What is needed ▸
Nothing in the data may change. Copy all of it exactly.

━━━━━━━━━━━━━━━━

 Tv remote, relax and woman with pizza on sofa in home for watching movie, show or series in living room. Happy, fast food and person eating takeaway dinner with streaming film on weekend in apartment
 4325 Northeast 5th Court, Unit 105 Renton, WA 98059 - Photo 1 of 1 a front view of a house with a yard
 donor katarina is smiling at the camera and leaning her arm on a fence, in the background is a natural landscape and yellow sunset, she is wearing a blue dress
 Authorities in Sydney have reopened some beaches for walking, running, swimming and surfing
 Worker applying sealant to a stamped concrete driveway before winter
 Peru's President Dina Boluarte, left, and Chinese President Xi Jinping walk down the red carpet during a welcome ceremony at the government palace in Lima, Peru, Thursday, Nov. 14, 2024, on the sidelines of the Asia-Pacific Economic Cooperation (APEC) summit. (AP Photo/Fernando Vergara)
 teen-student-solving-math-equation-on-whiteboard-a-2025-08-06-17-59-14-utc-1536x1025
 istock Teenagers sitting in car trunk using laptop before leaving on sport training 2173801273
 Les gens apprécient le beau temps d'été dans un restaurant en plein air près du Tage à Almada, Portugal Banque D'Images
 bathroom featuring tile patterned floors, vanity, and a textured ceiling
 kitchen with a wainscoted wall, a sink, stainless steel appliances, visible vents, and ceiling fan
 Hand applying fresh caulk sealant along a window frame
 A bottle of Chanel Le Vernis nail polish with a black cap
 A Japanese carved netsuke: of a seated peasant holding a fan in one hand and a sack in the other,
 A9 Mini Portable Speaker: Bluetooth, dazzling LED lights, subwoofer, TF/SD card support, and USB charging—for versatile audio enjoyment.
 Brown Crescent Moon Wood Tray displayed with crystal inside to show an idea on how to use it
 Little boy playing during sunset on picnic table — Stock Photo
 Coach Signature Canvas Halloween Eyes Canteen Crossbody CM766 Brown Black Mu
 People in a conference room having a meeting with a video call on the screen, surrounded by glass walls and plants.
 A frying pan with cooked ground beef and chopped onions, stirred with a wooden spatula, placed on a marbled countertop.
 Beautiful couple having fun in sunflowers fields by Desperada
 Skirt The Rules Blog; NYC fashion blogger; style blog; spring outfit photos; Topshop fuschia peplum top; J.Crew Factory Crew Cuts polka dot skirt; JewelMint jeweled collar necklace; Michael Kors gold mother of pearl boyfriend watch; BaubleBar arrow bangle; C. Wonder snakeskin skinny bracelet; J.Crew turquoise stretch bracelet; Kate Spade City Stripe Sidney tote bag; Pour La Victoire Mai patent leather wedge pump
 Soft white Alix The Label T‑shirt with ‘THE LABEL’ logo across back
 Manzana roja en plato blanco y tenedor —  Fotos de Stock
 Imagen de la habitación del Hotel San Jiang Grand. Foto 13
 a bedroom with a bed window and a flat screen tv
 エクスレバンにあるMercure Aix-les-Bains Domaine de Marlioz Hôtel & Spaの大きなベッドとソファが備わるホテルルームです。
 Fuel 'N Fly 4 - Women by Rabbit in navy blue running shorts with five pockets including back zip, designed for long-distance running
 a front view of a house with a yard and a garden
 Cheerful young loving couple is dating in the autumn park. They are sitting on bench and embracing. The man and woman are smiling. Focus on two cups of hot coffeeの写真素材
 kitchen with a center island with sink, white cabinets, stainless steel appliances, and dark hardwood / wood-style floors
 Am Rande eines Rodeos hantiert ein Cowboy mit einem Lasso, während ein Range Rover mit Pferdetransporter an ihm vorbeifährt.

━━━━━━━━━━━━━━━━

Answer section ▸
 Tv remote, relax and woman with pizza on sofa in home for watching movie, show or series in living room. Happy, fast food and person eating takeaway dinner with streaming film on weekend in apartment
 4325 Northeast 5th Court, Unit 105 Renton, WA 98059 - Photo 1 of 1 a front view of a house with a yard
 donor katarina is smiling at the camera and leaning her arm on a fence, in the background is a natural landscape and yellow sunset, she is wearing a blue dress
 Authorities in Sydney have reopened some beaches for walking, running, swimming and surfing
 Worker applying sealant to a stamped concrete driveway before winter
 Peru's President Dina Boluarte, left, and Chinese President Xi Jinping walk down the red carpet during a welcome ceremony at the government palace in Lima, Peru, Thursday, Nov. 14, 2024, on the sidelines of the Asia-Pacific Economic Cooperation (APEC) summit. (AP Photo/Fernando Vergara)
 teen-student-solving-math-equation-on-whiteboard-a-2025-08-06-17-59-14-utc-1536x1025
 istock Teenagers sitting in car trunk using laptop before leaving on sport training 2173801273
 Les gens apprécient le beau temps d'été dans un restaurant en plein air près du Tage à Almada, Portugal Banque D'Images
 bathroom featuring tile patterned floors, vanity, and a textured ceiling
 kitchen with a wainscoted wall, a sink, stainless steel appliances, visible vents, and ceiling fan
 Hand applying fresh caulk sealant along a window frame
 A bottle of Chanel Le Vernis nail polish with a black cap
 A Japanese carved netsuke: of a seated peasant holding a fan in one hand and a sack in the other,
 A9 Mini Portable Speaker: Bluetooth, dazzling LED lights, subwoofer, TF/SD card support, and USB charging—for versatile audio enjoyment.
 Brown Crescent Moon Wood Tray displayed with crystal inside to show an idea on how to use it
 Little boy playing during sunset on picnic table — Stock Photo
 Coach Signature Canvas Halloween Eyes Canteen Crossbody CM766 Brown Black Mu
 People in a conference room having a meeting with a video call on the screen, surrounded by glass walls and plants.
 A frying pan with cooked ground beef and chopped onions, stirred with a wooden spatula, placed on a marbled countertop.
 Beautiful couple having fun in sunflowers fields by Desperada
 Skirt The Rules Blog; NYC fashion blogger; style blog; spring outfit photos; Topshop fuschia peplum top; J.Crew Factory Crew Cuts polka dot skirt; JewelMint jeweled collar necklace; Michael Kors gold mother of pearl boyfriend watch; BaubleBar arrow bangle; C. Wonder snakeskin skinny bracelet; J.Crew turquoise stretch bracelet; Kate Spade City Stripe Sidney tote bag; Pour La Victoire Mai patent leather wedge pump
 Soft white Alix The Label T‑shirt with ‘THE LABEL’ logo across back
 Manzana roja en plato blanco y tenedor —  Fotos de Stock
 Imagen de la habitación del Hotel San Jiang Grand. Foto 13
 a bedroom with a bed window and a flat screen tv
 エクスレバンにあるMercure Aix-les-Bains Domaine de Marlioz Hôtel & Spaの大きなベッドとソファが備わるホテルルームです。
 Fuel 'N Fly 4 - Women by Rabbit in navy blue running shorts with five pockets including back zip, designed for long-distance running
 a front view of a house with a yard and a garden
 Cheerful young loving couple is dating in the autumn park. They are sitting on bench and embracing. The man and woman are smiling. Focus on two cups of hot coffeeの写真素材
 kitchen with a center island with sink, white cabinets, stainless steel appliances, and dark hardwood / wood-style floors
 Am Rande eines Rodeos hantiert ein Cowboy mit einem Lasso, während ein Range Rover mit Pferdetransporter an ihm vorbeifährt.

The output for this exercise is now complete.